In State v. Anderson, supra, the defendant was charged with assault with a deadly weapon with intent to kill inflicting serious injuries. Defendant offered evidence tending to show self-defense, and the trial judge submitted to the jury the possible verdicts of guilty of felonious assault, the lesser included offense of nonfelonious assault with a deadly weapon, and not guilty. In its charge to the jury, the court, without qualification, instructed:

One is permitted to fight in self-defense or kill in self-defense when it is necessary for him to do so in order to avoid death or great bodily harm.

Finding this instruction to be erroneous, this Court, speaking through Justice Ervin, stated:

... In final result, it charged the jury that one is never privileged by law to employ force in self-protection unless he is threatened with death or great bodily harm.
* * *
The law does not compel any man to submit in meekness to indignities or violence to his person merely because such indignities or violence stop short of threatening him with death or great bodily harm. If one is without fault in provoking, or engaging in, or continuing a difficulty with another, he is privileged by the law of self-defense to use such force against the other as is actually or reasonably necessary under the circumstances to protect himself from bodily injury or offensive physical contact at the hands of the other, even though he is not thereby put in actual or apparent danger of death or great bodily harm.

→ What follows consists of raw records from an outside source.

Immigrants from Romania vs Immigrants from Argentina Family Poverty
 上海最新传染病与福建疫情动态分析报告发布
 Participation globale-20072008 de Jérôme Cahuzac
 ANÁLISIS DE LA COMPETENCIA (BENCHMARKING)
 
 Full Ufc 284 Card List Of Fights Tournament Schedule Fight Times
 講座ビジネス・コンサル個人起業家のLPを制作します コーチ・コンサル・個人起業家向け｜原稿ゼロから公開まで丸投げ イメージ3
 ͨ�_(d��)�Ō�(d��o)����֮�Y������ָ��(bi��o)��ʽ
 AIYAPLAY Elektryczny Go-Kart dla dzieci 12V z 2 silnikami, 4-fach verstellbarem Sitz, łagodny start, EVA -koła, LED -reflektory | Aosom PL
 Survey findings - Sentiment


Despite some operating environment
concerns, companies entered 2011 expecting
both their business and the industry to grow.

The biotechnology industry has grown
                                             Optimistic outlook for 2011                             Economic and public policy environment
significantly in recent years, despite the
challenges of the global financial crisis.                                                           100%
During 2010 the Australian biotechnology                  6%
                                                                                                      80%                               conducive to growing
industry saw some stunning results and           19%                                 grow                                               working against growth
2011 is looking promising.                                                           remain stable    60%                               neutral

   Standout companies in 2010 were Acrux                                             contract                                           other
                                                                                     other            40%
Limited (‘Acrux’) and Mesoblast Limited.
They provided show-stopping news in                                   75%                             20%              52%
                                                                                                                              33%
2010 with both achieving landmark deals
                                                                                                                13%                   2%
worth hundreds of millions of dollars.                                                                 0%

In State v. Fletcher, supra, defendant was also charged with assault with a deadly weapon with intent to kill inflicting serious injury. The trial judge instructed the jury that in order to have the benefit of the principle of self-defense, the defendant must show that he used a deadly weapon only to protect himself from death or great bodily harm. This Court held that the instruction was erroneous because it improperly placed on the defendant the burden of satisfying the jury that he acted in self-defense. Relying on State v. Anderson, supra, the Court found the instruction objectionable in another respect:

Moreover, the court’s instructions imply defendant could not lawfully use force in self-defense unless he was threatened with death or great bodily harm. We find no instruction with reference to the right of defendant to defend himself against a nonfelonious assault. Failure to instruct the jury with reference to defendant’s right of self-defense in respect of repelling a nonfelonious assault is prejudicial error.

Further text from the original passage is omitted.